Of course:

```
func hashMapTest() : Nat {
let eq: (Nat,Nat)->Bool = func(x,y) { x==y };
let keyHash: (Nat)->Hash.Hash = func(x) { Prim.natToWord32 x }; // type Hash is a Word32
let store = HashMap.HashMap<Nat,Nat>(8, eq, keyHash);
ignore store.set(1, 10);
ignore store.set(2, 10);
ignore store.set(3, 20);
let storedValue = store.get(2);
switch (storedValue) {
case (?value) {
return value; // returns 10
};
case (null) {
// handle not finding a value in the store, for example:
return 0; // returns 0
};
};
};
```

The 8 is the initial capacity of the HashMap, I just chose a number arbitrarily. The size of the hash table will grow when it gets close to filling up, it’s quite an expensive operation so you might want to start higher. Currently this just happens each time the ceiling is hit, in HashMap.mo in the base library files:

Internally, table growth policy is very simple, for now:

Double [the] capacity when the expected bucket list [is] beyond a certain constant.

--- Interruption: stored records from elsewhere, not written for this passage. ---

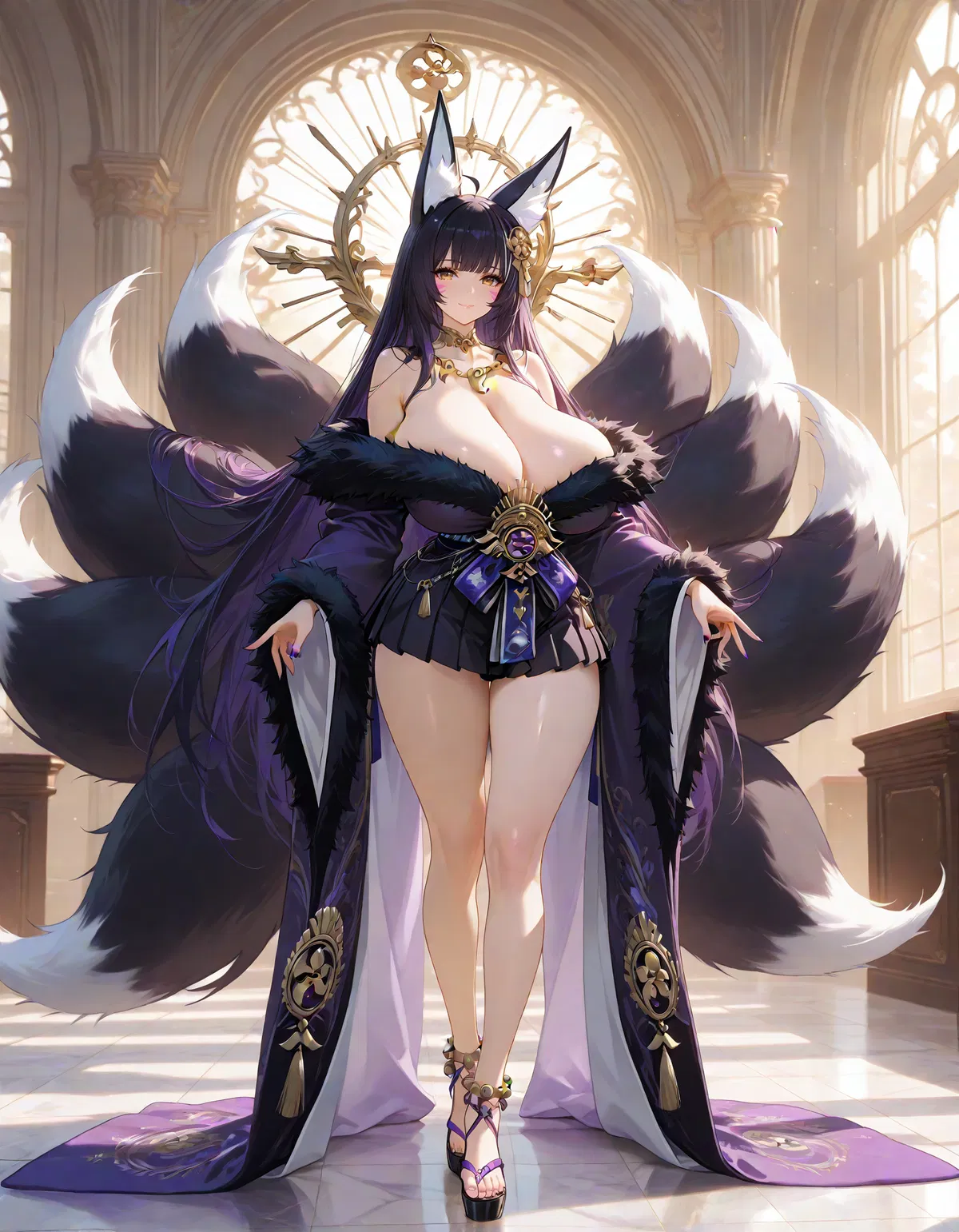 Avatar of IJN Musashi [Azur Lane]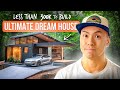 Building a dream home from scratch for 300000 part 2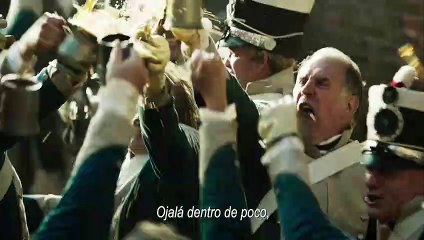 La tragedia de Peterloo - Tráiler español
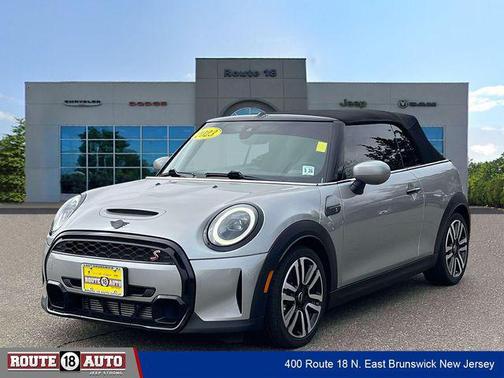 2023 MINI Convertible Cooper S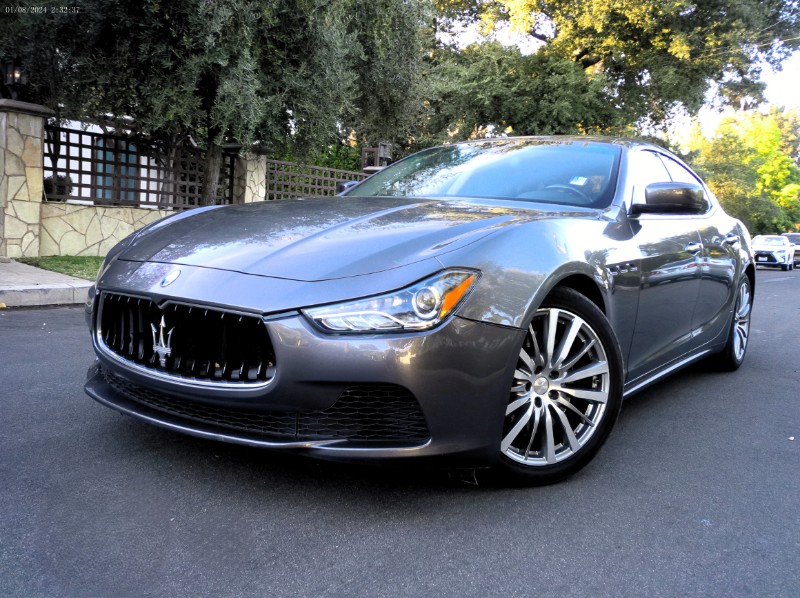 2015 Maserati Ghibli Ghibli's photo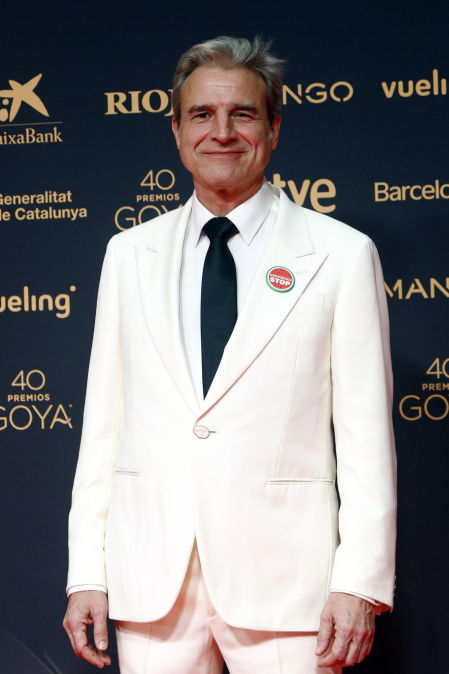 Fotos de la alfombra roja de los Premios Goya 2026.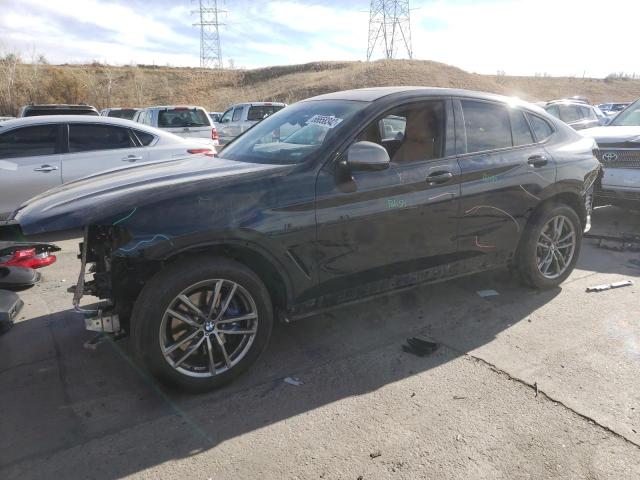 5UX2V5C0XLLE69457 - 2020 BMW X4 XDRIVEM BLACK photo 1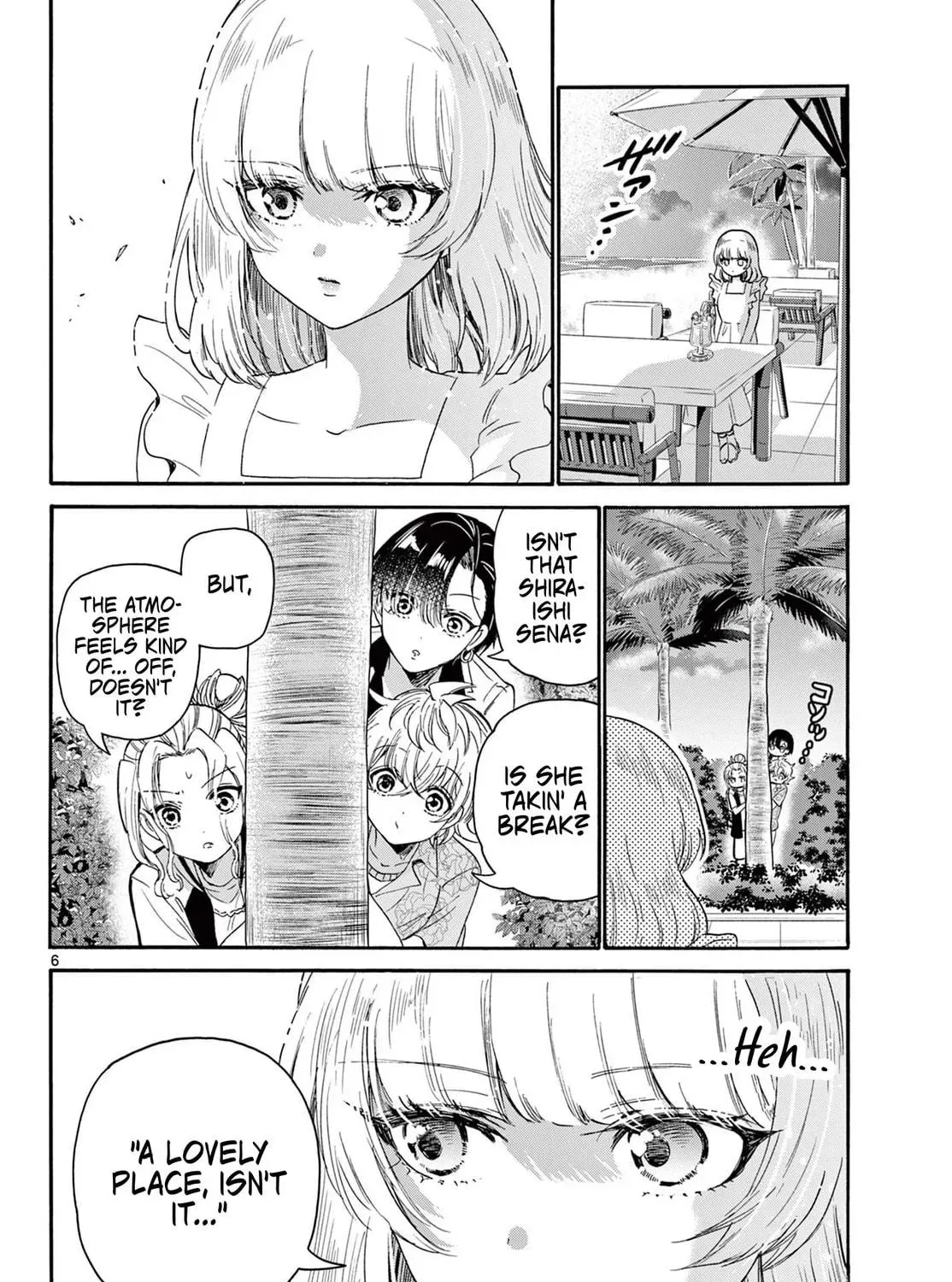 Read Dealing with Mikadono Sisters Is a Breeze Manga Online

HashMap is likely a good fit so you can stick with that, but tries can be useful in some situations, it’s worth exploring a bit on Wikipedia and the like. If you want to use one then you could try Motoko’s TrieMap, it has the same interface as HashMap so you can use it in the same way.

You can have a person entry hold multiple guilds (it could point to a list of guilds for example), it’s a bit of a larger design question, as per your other threads; some in here might have ideas on various ways to approach this?